Type Other Publication
Scope Discipline-based scholarship
Title Network-Aware Workload Scheduling for Scalable Linked Data Stream Processing
Organization Unit
Authors
  • Lorenz Fischer
  • Thomas Scharrenbach
  • Abraham Bernstein
Language
  • English
How Published
Date 2013
Abstract Text In order to cope with the ever-increasing data volume, distributed stream processing systems have been proposed.

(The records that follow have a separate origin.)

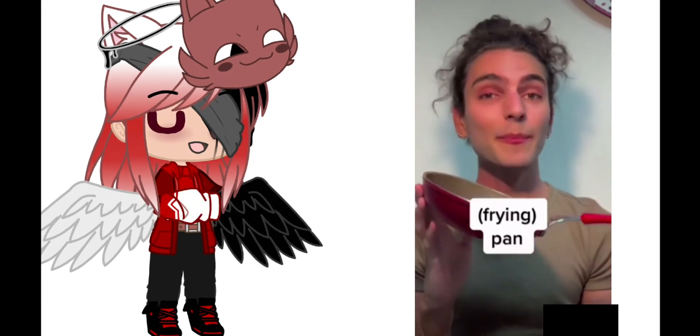What about this? A frying pan. It's a pan. Pan — thank you.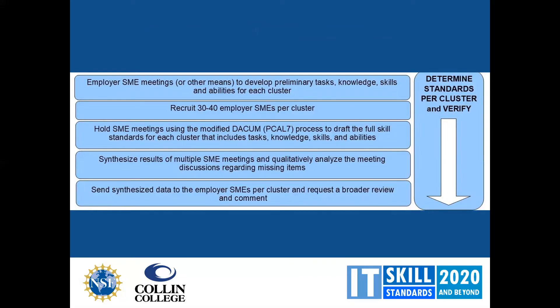Once we have the job clusters identified, we engage about 40 employer subject matter experts per cluster. Using our modified DACUM process, they go through a list of knowledge, skills, abilities, and tasks and prioritize them. There are multiple meetings per cluster, so we synthesize the voting results and analyze discussions regarding any missing items. We then send the synthesized data back out to the subject matter experts for broader review. In our COVID environment, we are holding virtual meetings to verify what we have created.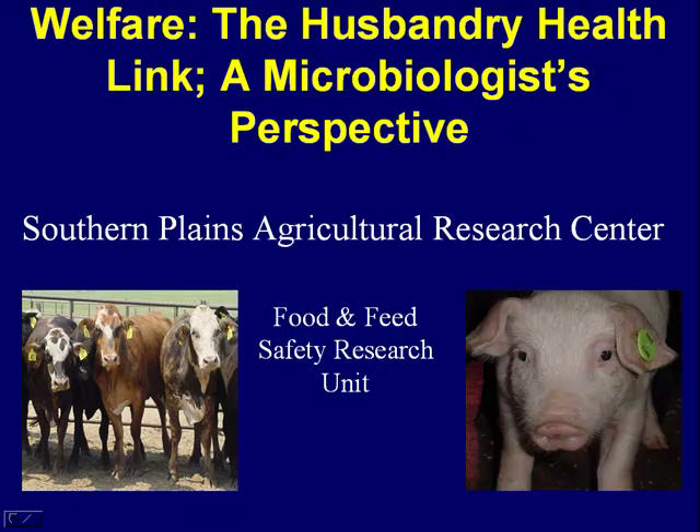I must confess, as a microbiologist, when I was putting this presentation together, I kept drifting towards an animal health perspective. I've tried to combat that and put it to a well-being perspective. But toward the end of the talk, if I haven't satisfied some of your questions, please feel free to challenge me.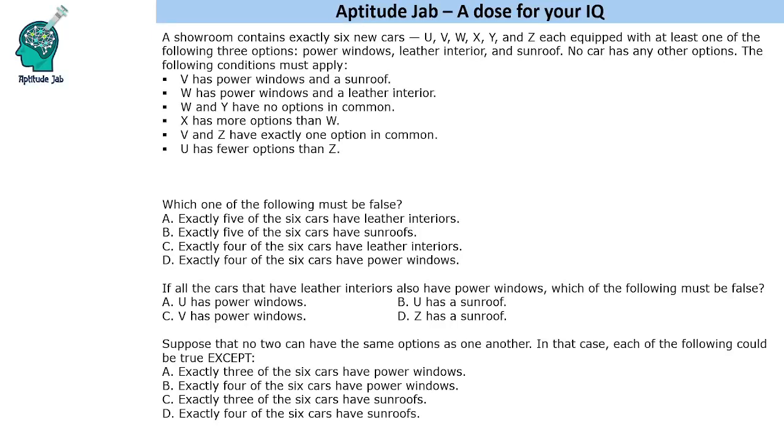Welcome to Aptitude Lab. This is a set based on conditional logic. A showroom has exactly six new cars: U, V, W, X, Y, Z. They are equipped with at least one of the following three options: power windows, leather interior, and sunroof. No car has any other options, so these are the only three options available.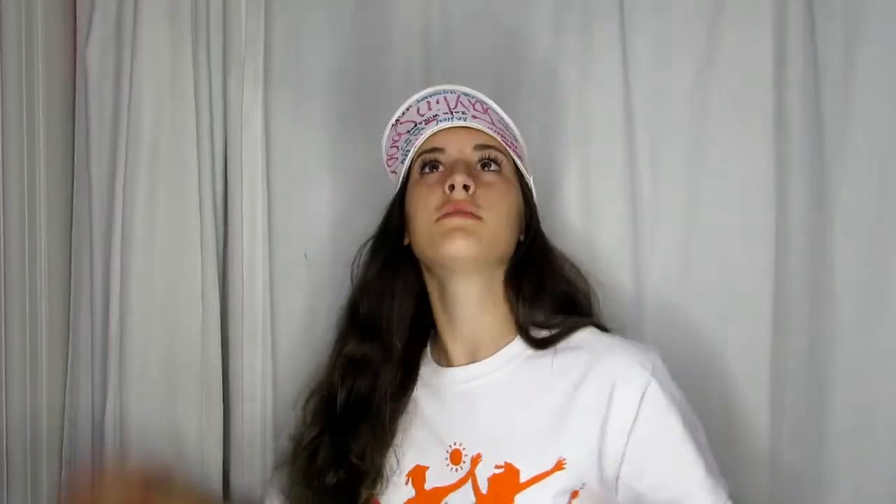Condoms are also pretty stretchy — you can really stretch them out. But if something like this happens during intimacy, you might end up having kids, so be careful.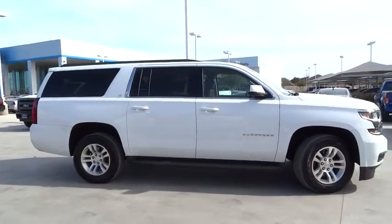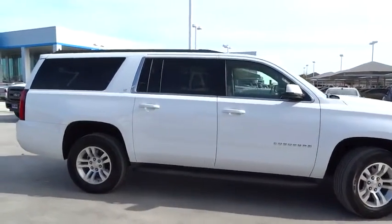This vehicle has less than 40,000 miles. Here are some of this vehicle's great options.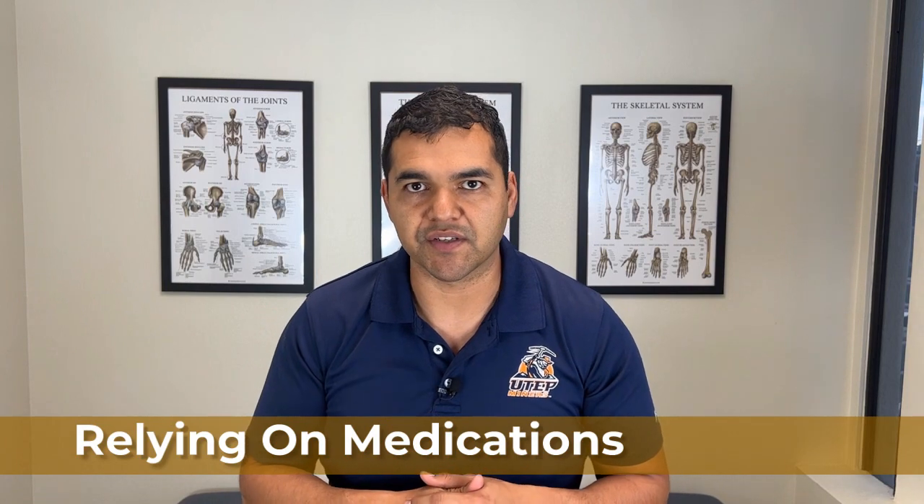Mistake number seven is relying on pain medications. Doctors may recommend over-the-counter or prescription pain medications to manage knee pain and swelling. This is helpful if you're struggling to sleep or need to get through a difficult period. But relying on pain medication day in and day out for weeks and months is a terrible idea — you're not treating the root problem, just masking the pain. Ibuprofen is well known to cause stomach ulcers with consistent long-term use. Use medication only as needed and plan a strategy that doesn't depend on it.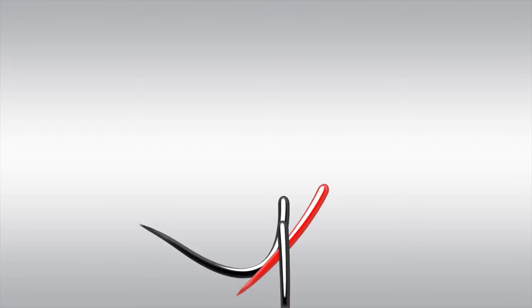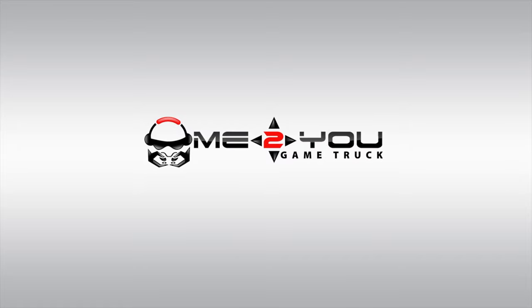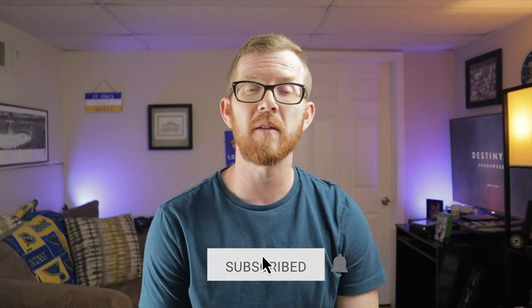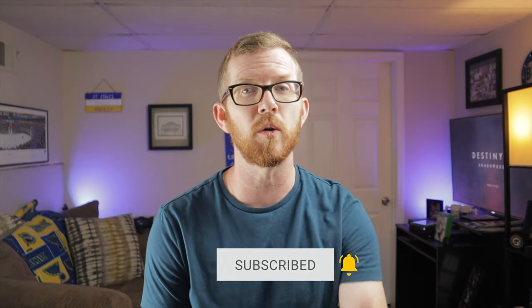Welcome back to another physical versus digital games discussion. In today's video I'm going to give you the pros and the cons of buying a physical game. I'm going to discuss the pros and the cons of buying a physical copy, so let's jump straight into it and get started with those pros.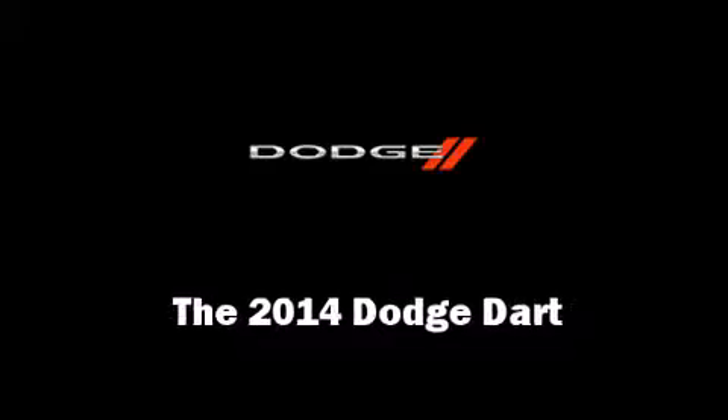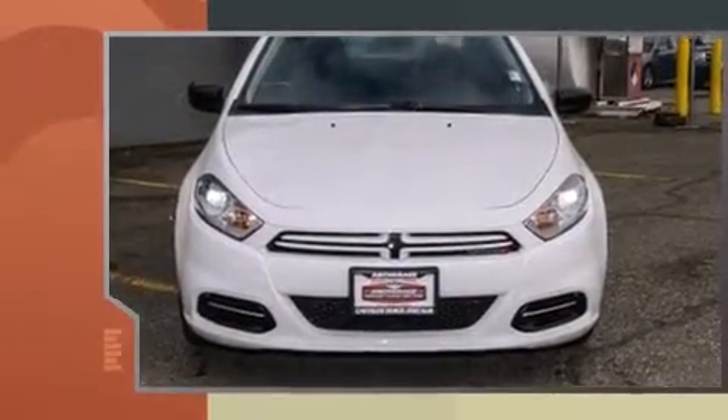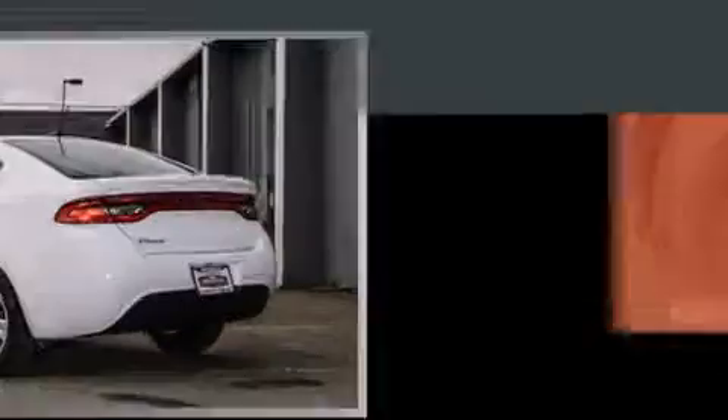Come test drive this 2014 Dodge Dart. This four-door, five-passenger sedan offers the features and options for which you've been searching. It features a front-wheel drive platform, an automatic transmission, and a two-liter four-cylinder engine.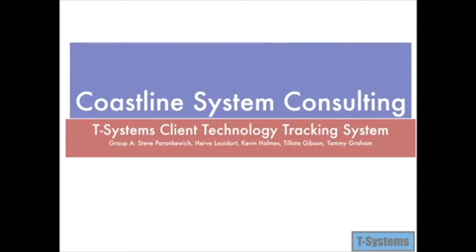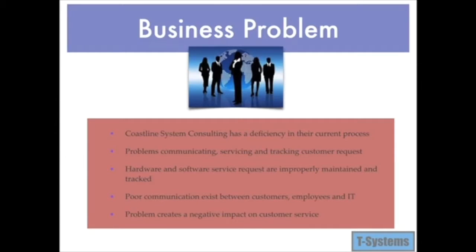Hello, everyone. This presentation is for Coastline System Consulting prepared by T-System ITT. Coastline Systems Consulting has a deficiency in their current process of communicating, servicing, and tracking customer requests on a daily basis.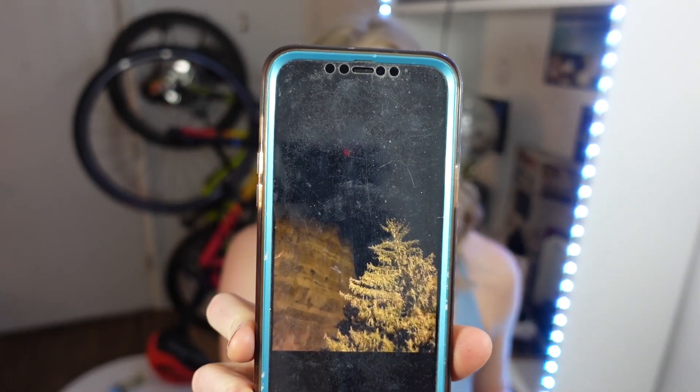Our phones are definitely advanced. Check out this photo that I took — you can see a couple stars, but you really need a good camera and good skill to get a picture like this.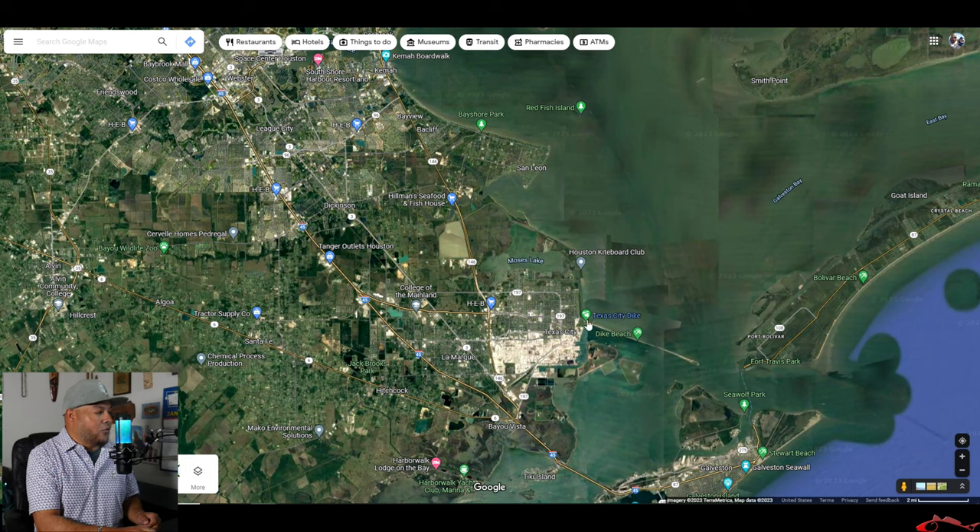I wanted to explore a new area I hadn't put in at. I put in roughly around the same location before, but never at this exact spot. I use Google Maps and the Street View feature to figure out where I wanted to go. Right here you have Texas City Dike, and right next to it is Skyline Drive, which swings around to the area I fished.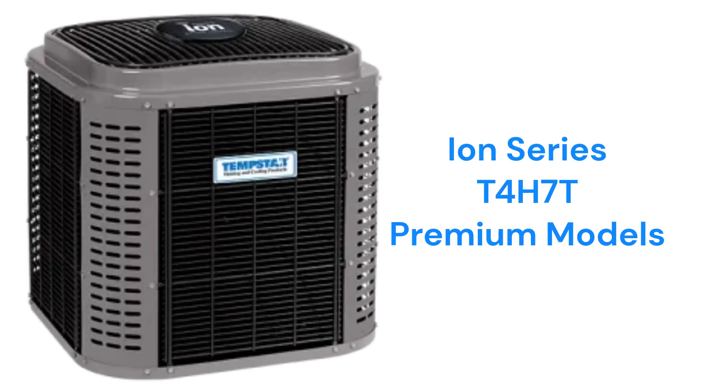The ION Series T4H7T models are premium two-stage heat pumps with communicating capability and a better guarantee that includes a 10-year no-hassle replacement guarantee in case of compressor failure.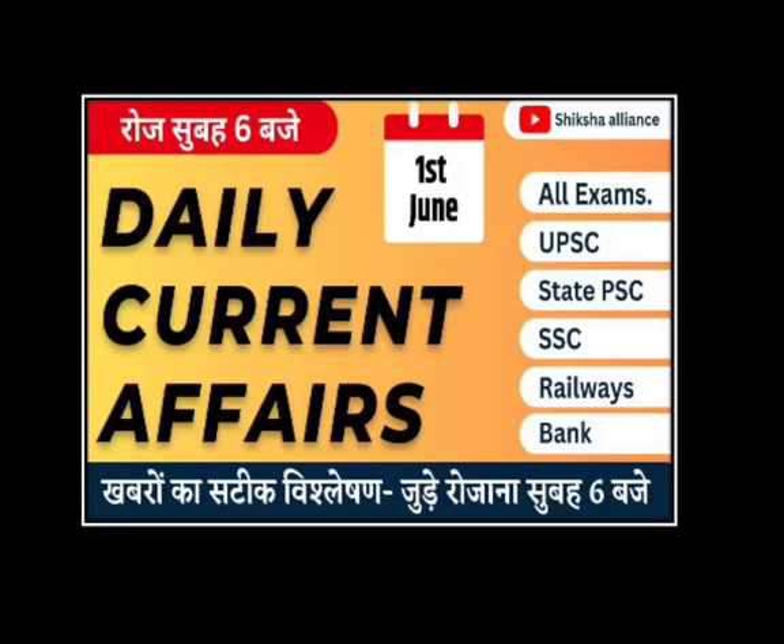Hello everyone, welcome to our YouTube channel 6i Alliance. Today we are going to start our daily current affairs session in which we will cover important news from several newspapers, PIB and various government sources. So let's begin our session.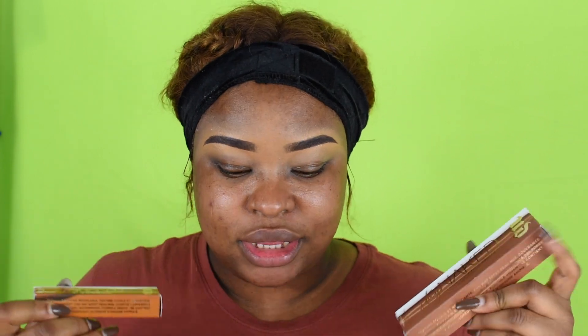These are called Stay Naked Weightless Liquid Foundation up to 24 hours, and the Stay Naked concealer. You guys know I'm all about trying new products, especially new concealers. If there's a new concealer on the market, I have to try the foundation as well. These are not cheap — they are pricey. The foundation costs £29.50 and the concealer costs £20, so literally I have about £50 worth of foundation and concealer.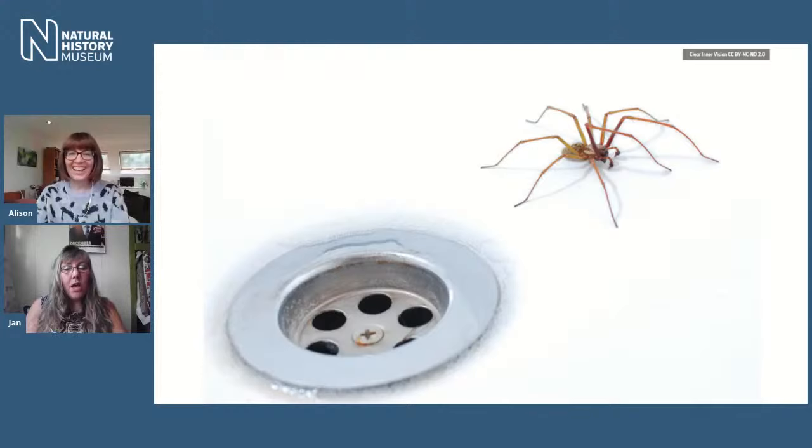One habitat we obviously do find them in is our homes, and particularly at this time of year — why do we see them so much around now? Mating season. The image here shows a male spider — we know he's male because he's got these little boxing-glove-like structures at the front. The males are on the hunt for females; the females tend to remain static. That's why you tend to find them popping up at this time of year. I must also dispel a myth — he hasn't come up the plug hole. What happened is he's fallen into the bath, which acts like a big trap; he can't grip on the shiny sides.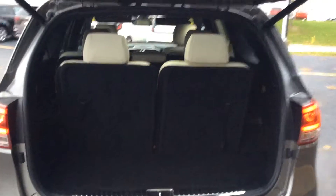It's titanium silver with a lighter tan interior. There's a second row as well.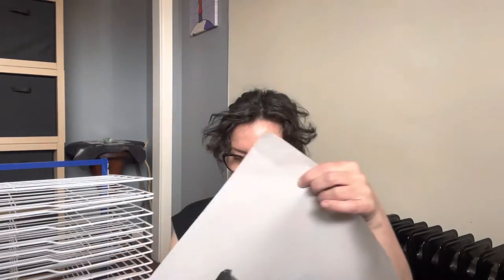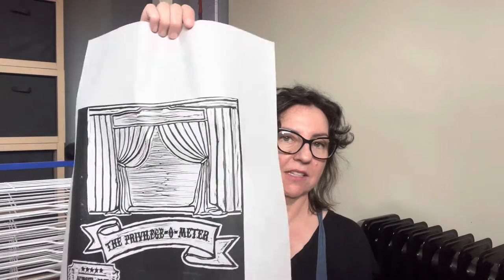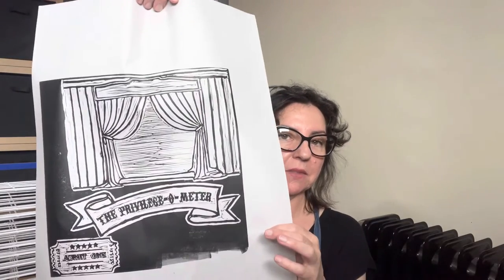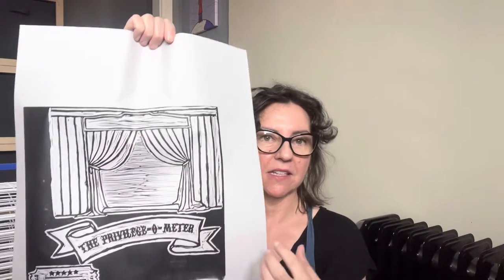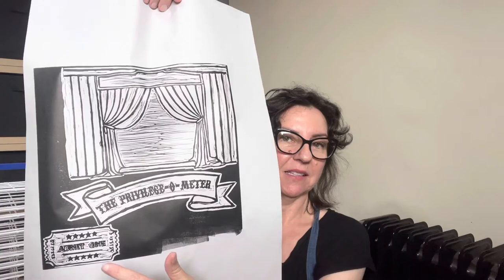I've finished carving some more little lino cuts for the privilege meter, and I've just very quickly printed those off today. This one here is obviously curtains for the circus tent, then we've got a banner that says 'the privilege meter' — which will be a lot clearer once it's cleaned up on the computer — and something that's really messy but I got the urge to do: a little 'admit one' ticket for the circus performance.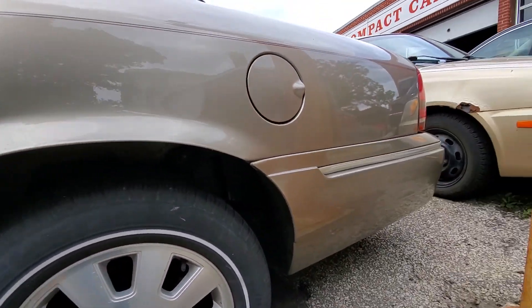Around here everything looks pretty decent. There was a little bit of repaint work in this quarter panel as well — I'm assuming maybe a little rust repair. Down the side there are a couple of little bumps and scrapes, nothing crazy, nothing big. A little bit of rust starting behind the trim on this door here that you can see.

To ensure scalability most distributed systems partition the data and distribute the workload among multiple machines. This approach does, however, raise the question how the data and the workload should be partitioned and distributed. A uniform scheduling strategy---a uniform distribution of computation load among available machines---typically used by stream processing systems, disregards network-load as one of the major bottlenecks for throughput resulting in an immense load in terms of inter-machine communication. We propose a graph-partitioning based approach for workload scheduling within stream processing systems.We implemented a distributed triple-stream processing engine on top of the Storm realtime computation framework and evaluate its communication behavior using two real-world datasets. We show that the application of graph partitioning algorithms can decrease inter-machine communication substantially (by 40% to 99%) whilst maintaining an even workload distribution, even using very limited data statistics. We also find that processing RDF data as single triples at a time rather than graph fragments (containing multiple triples), may decrease throughput indicating the usefulness of semantics.